Münevver Karabulut'un öldürülmesiyle ilgili olarak katil zanlısı Cem Garipoğlu'nun evindeki 700 bin Euro'yu tutanaklara geçirmedikleri ve güvenlik kamerası görüntülerini yeterince incelemedikleri iddiasıyla yargılandıkları davada 6'sı polis 8 sanığı 6'şar bin TL adli para cezasına çarptıran mahkeme, gerekçeli kararını açıklandı.

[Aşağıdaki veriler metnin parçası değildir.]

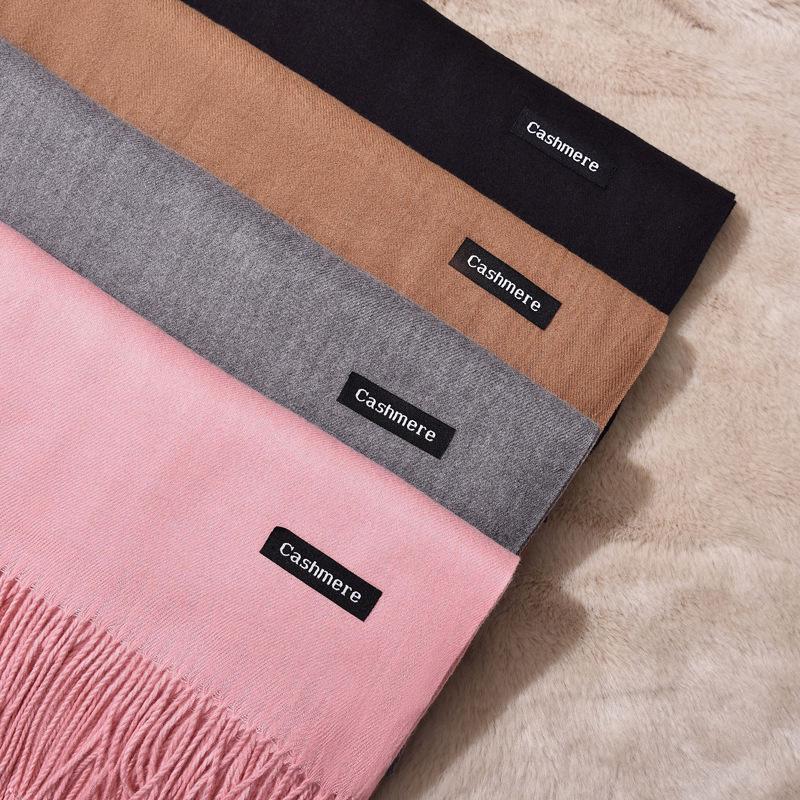 2024 Autumn/Winter Women's Solid Color Faux Cashmere Shawl & Snood Scarf Set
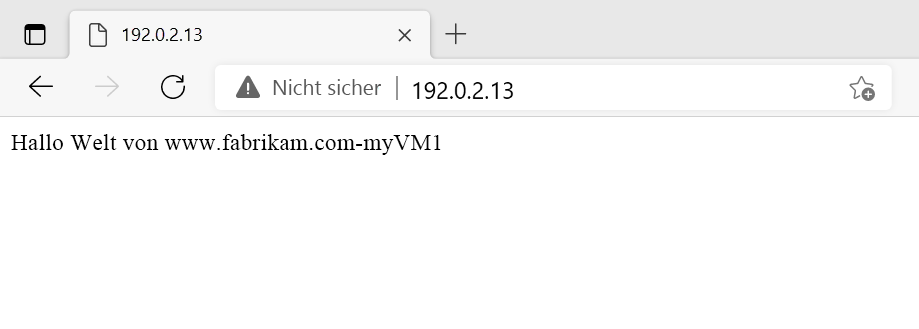 Screenshot der Website von fabrikam im Webbrowser.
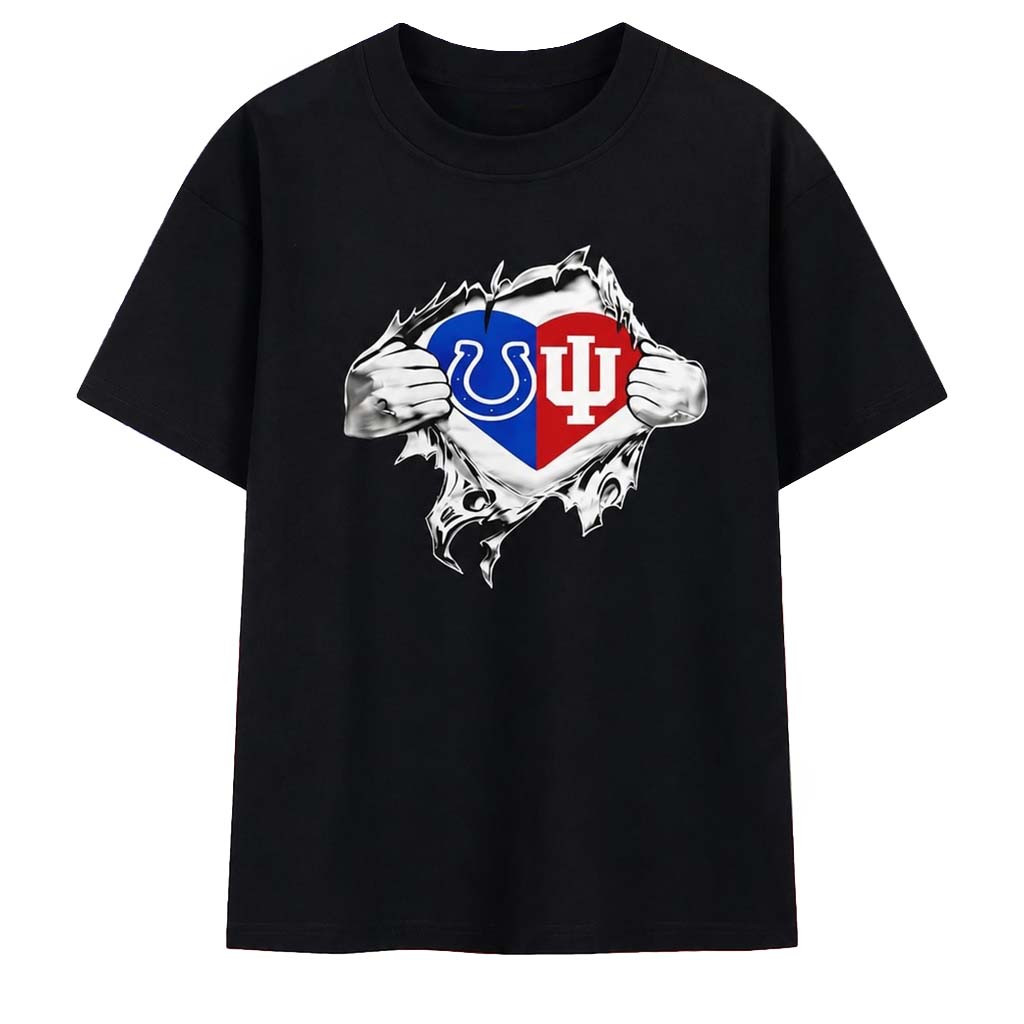 Indianapolis Colts And Indiana Hoosiers Heart Logo T-Shirt Sport Fan Apparel Gift For Him - Kdjoy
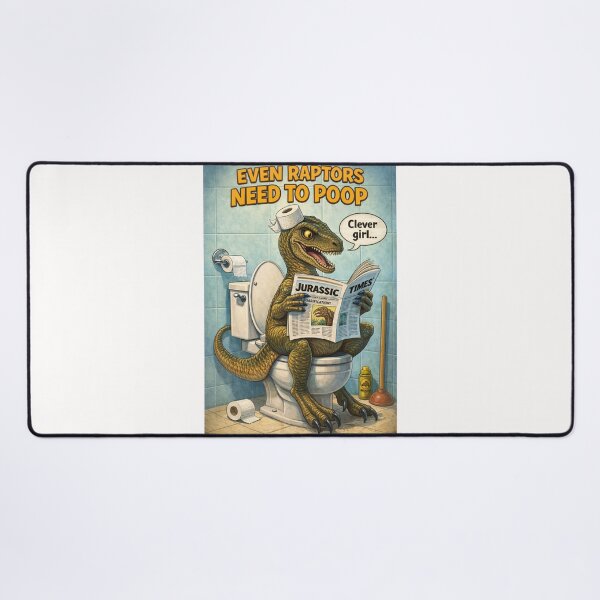 Item preview, Velociraptor Bathroom Scene with Jurassic Times Newspaper Toilet Art designed and sold by Places On Earth.
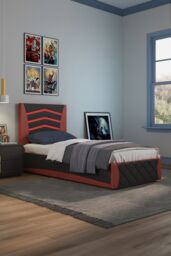 SlumberWorx Galaxy Ottoman Storage LED Headboard Gaming Single Black Bed Frame in Red - thumbnail 1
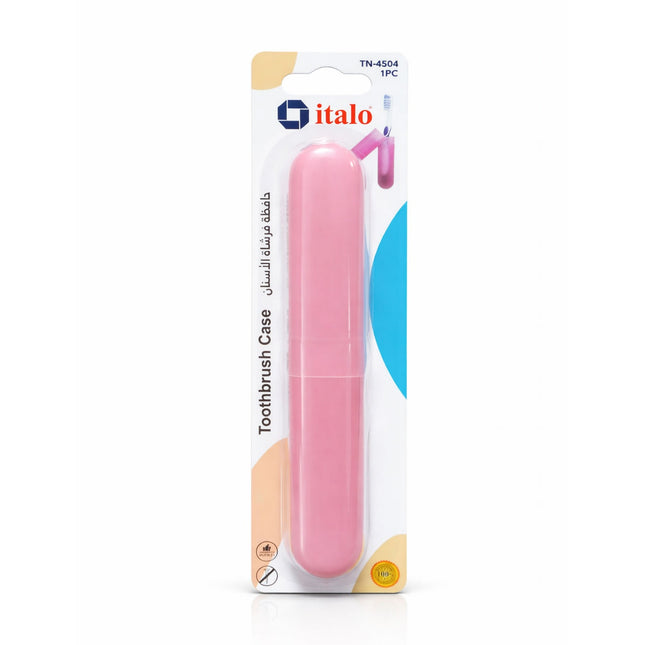 Pink toothbrush case with 'italo' branding on a white background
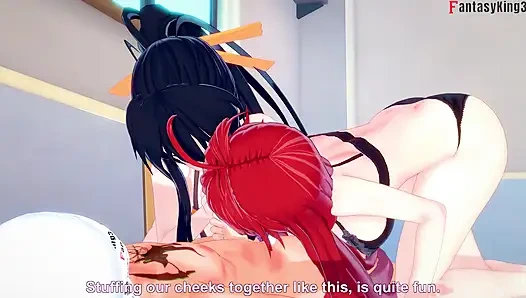 Akeno and Rias Surprise me whit a double blowjob - DXD NTR Madness Series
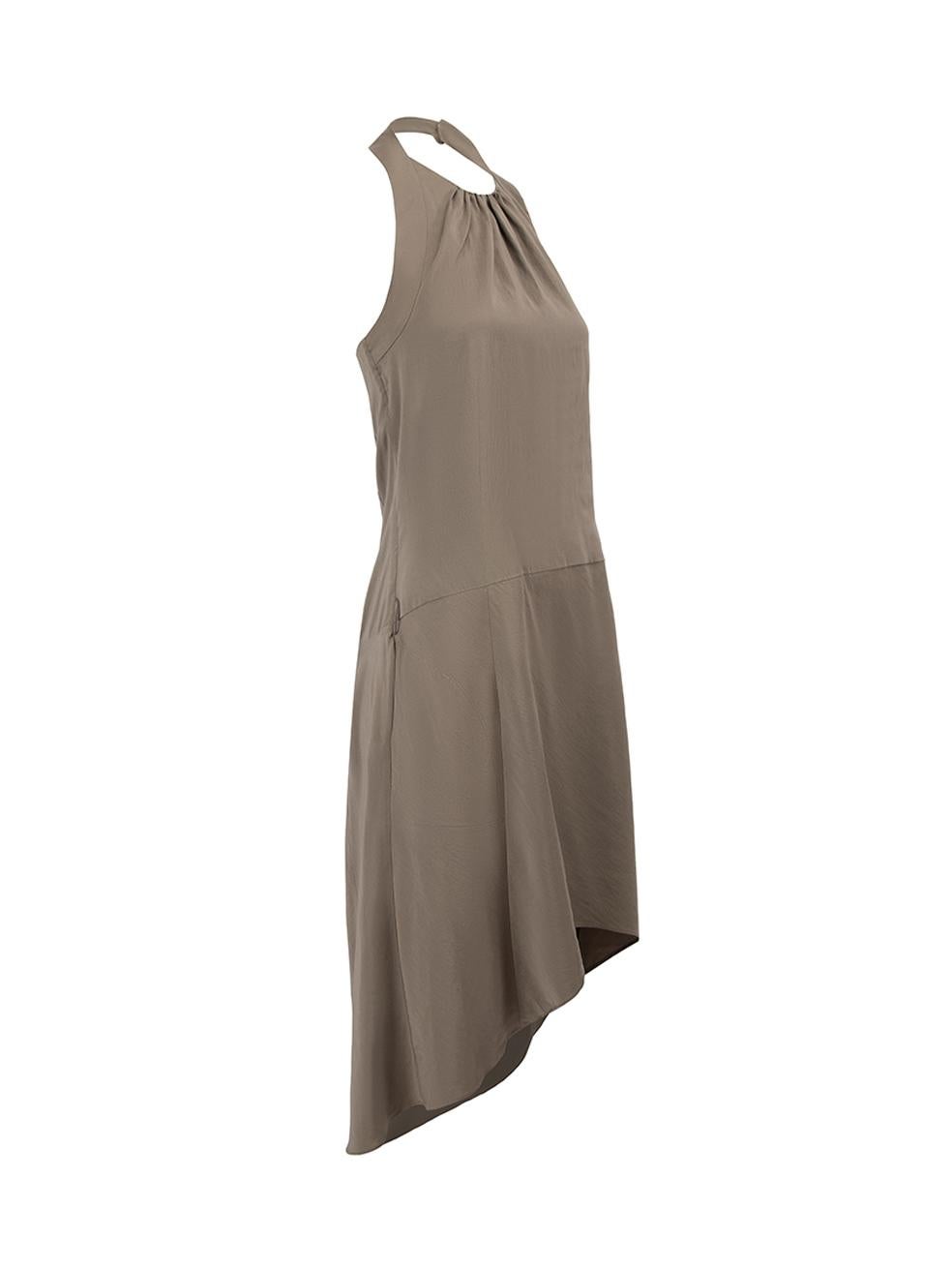 CONDITION is Very good. Minimal wear to dress is evident. Minimal wear to front with faint marks and missing belt on this used Brunello Cucinelli designer resale item.




Details


Grey

Silk

Knee length dress

Halterneck

Open back

Front side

Mahkeme gerekçeli kararında cinayetin işlendiği evde makul bir rakamın üzerinde yabancı ülke parasının bulunduğunu ancak sanık polislerce tutanağa geçirilmediği vurgulayarak, 'Sanıklar kamu görevlisinden beklenen yeterli ihtimamı göstermemişlerdir. Olaya ait tüm delilleri toplamayarak görevlerinin gereklerine aykırı olarak hareket ettikleri anlaşılmıştır' ifadelerine yer verdi. Karabulut ailesinin avukatı Rezan Epözdemir de Bölge Adliye Mahkemesi'ne dilekçe sunarak, yerel mahkemenin kararının kaldırılmasını yeniden hüküm kurulmasını talep etti.
'GÖREVLERİNİ YERİNE GETİRMEDE EKSİK İŞLEM YAPTIKLARI KANAATİNE VARILMIŞTIR'
Küçükçekmece 5. Asliye Ceza Mahkemesi'nce hazırlanan gerekçeli kararda suç mahallinde bir miktar yabancı ülke parasının bulunduğu, paranın miktarının net olarak tespit edilemediği, ancak makul bir rakamın üzerinde olduğu kaydedilerek, olay tutanağına geçirmedikleri anlatıldı.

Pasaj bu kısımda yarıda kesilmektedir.